The government has announced that it is to formally consult on proposals for longer tenancies in the private rental sector.

Although there has been much debate about the issue, with government and opposition politicians calling for longer tenancies - with industry bodies often in agreement - there has not until now been a formal position put forward by government.

However, the Housing Secretary, James Brokenshire, has said in the Commons: “We will shortly consult on options to support landlords to offer longer tenancies to those who want them.”


The consultation was first hinted at in last November’s Budget when Chancellor Phillip Hammond said that longer tenancies could be encouraged by tax incentives - but no further details were given at the time. 

The Association of Residential Letting Agents and landlord bodies the RLA and NLA have for some time been saying that evidence suggests tenants stay in the same properties for much longer than was popularly believed to be the case. 

A recent survey of some 3,000 landlords by the Residential Landlords Associstion revealed that 63 per cent would offer a tenancy of 12 months or longer at the request of the tenant. 

However, the association also points out that amongst the downsides there are risks of landlords being out of pocket for longer if a tenant stops paying rent, and RLA research found nearly one in four landlords said their mortgage conditions that restricted the maximum tenancy length.

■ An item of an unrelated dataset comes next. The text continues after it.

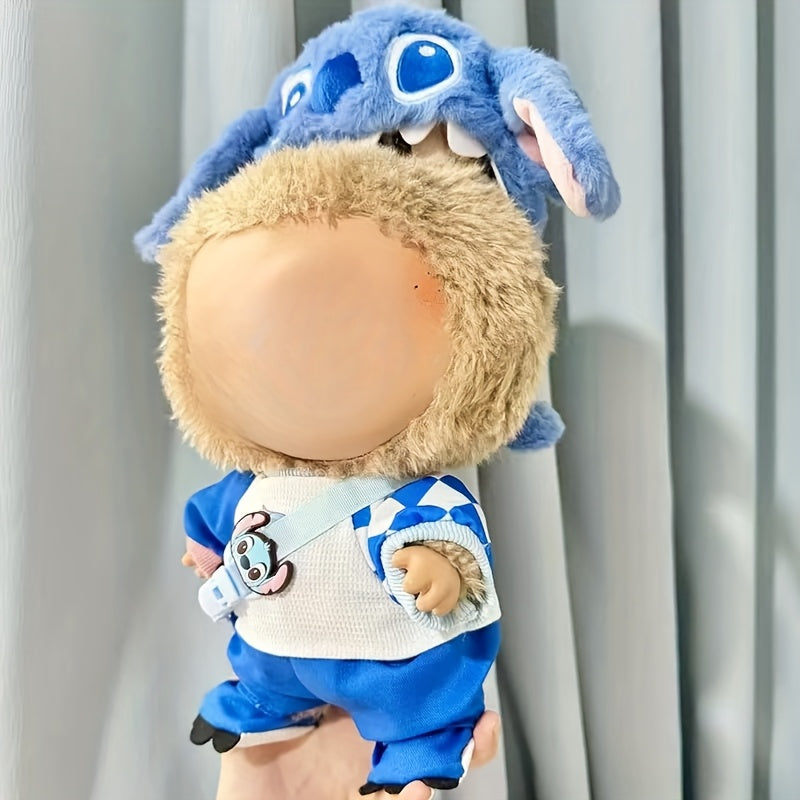 6pcs Labubu Stitch Doll Clothing Set Overalls Accessories Toy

Another recent survey, by regional lettings agency Morgans, also confirmed that many renters would be happy with 12 month tenancies.  

  • James B

    ‘Support landlords’, not a phrase used for a long time. Let’s see ! Support more than likely means penalise the ones who don’t.
    Do hope they factor into the equation the millions of tenants who don’t want a longer tenancy.
    Likely outcome a new one sided longer agreement in favour of tenant so they can leave early. Result - more landlords bashed out the sector who can’t accommodate for genuine reasons, then yet more demand less supply etc etc etc..

  • jeremy clarke

    Why can everyone not just let the market decide? In my experience it is always tenants who want to break contract and leave early, I can recall maybe 1 landlord in past 10 years that has asked the question. Truth is, from a landlord's perspective the longer a tenant remains and fulfils contract the better, no more meddling required!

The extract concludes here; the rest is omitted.